▶ [Work order] Please repeat the lines below exactly. Begin with the line containing "Suede cowboy μπότες" and go on through the line containing "Linge De Cuisine".

▶ [Recorded data]
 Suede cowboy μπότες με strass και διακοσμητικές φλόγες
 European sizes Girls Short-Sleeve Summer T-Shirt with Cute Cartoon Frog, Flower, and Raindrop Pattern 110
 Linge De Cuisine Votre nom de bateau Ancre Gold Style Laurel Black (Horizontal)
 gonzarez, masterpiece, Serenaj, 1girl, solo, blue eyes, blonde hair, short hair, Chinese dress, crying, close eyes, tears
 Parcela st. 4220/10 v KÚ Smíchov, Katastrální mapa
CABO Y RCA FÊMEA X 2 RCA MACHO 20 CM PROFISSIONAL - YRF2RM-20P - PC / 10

...

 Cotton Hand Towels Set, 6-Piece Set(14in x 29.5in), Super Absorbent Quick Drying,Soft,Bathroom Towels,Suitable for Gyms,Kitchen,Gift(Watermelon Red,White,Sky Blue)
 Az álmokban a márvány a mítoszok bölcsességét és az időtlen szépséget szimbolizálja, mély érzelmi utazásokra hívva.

▶ [Finished exercise]
 Suede cowboy μπότες με strass και διακοσμητικές φλόγες
 European sizes Girls Short-Sleeve Summer T-Shirt with Cute Cartoon Frog, Flower, and Raindrop Pattern 110
 Linge De Cuisine Votre nom de bateau Ancre Gold Style Laurel Black (Horizontal)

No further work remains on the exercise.